Webinar video: TinyML for industrial usecases with STMicroelectronics and Avnet
Together with Avnet and STMicroelectronics we hosted a webinar on TinyML for industrial usecases! If you've missed it you can watch the video above which consists of an half hour introduction to TinyML, STM32Cube.AI and industrial usecases, followed by a 20 minutes demo where we explore two ML models, and 10 minutes Q&A.
We've also took the courtesy to write out the most frequently asked questions in this blog post.

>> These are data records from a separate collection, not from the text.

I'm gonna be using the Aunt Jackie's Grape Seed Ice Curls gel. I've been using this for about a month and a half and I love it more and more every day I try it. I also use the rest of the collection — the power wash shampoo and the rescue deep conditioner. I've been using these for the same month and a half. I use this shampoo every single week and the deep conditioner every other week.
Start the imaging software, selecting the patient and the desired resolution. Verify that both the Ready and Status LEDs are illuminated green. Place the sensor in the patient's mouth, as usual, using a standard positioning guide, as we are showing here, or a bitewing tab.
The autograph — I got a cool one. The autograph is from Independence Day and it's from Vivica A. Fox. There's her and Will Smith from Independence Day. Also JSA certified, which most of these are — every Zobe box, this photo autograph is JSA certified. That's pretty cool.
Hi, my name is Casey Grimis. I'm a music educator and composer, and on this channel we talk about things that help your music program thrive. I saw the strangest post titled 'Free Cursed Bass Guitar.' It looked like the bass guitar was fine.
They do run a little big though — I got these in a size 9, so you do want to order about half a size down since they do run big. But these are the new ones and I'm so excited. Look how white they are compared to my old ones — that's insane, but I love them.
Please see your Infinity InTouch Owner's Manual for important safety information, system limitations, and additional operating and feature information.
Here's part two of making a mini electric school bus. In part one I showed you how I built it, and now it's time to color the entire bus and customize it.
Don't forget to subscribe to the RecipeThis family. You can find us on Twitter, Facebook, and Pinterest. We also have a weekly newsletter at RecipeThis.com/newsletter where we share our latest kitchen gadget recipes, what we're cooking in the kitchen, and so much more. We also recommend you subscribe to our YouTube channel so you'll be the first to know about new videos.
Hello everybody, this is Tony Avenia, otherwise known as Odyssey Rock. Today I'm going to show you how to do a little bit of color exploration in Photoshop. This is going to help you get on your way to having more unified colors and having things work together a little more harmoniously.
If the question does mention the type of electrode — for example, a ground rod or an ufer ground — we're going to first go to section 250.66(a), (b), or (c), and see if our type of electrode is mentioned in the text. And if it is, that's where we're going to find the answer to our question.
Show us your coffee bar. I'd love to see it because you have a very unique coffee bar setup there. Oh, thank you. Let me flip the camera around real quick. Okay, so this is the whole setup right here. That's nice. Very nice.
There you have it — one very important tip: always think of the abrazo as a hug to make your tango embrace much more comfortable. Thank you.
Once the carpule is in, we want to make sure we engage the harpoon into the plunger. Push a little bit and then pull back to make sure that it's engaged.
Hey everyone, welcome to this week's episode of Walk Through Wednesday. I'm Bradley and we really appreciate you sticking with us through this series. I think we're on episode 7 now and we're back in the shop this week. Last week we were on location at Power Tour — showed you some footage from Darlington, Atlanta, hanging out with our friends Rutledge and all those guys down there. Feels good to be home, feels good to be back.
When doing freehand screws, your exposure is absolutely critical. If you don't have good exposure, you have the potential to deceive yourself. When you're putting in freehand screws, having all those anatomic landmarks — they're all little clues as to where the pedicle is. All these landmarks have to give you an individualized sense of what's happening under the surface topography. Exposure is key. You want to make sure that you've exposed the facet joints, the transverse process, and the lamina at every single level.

Are there tutorials available for the things you showed during the webinar?
Yes! Here they are:
- Continuous gestures: https://docs.edgeimpulse.com/docs/continuous-motion-recognition
- Recognize sounds from audio: https://docs.edgeimpulse.com/docs/audio-classification
- Adding sight to your sensors: https://docs.edgeimpulse.com/docs/image-classification
Can multiple sensor streams go into a real-time classifier?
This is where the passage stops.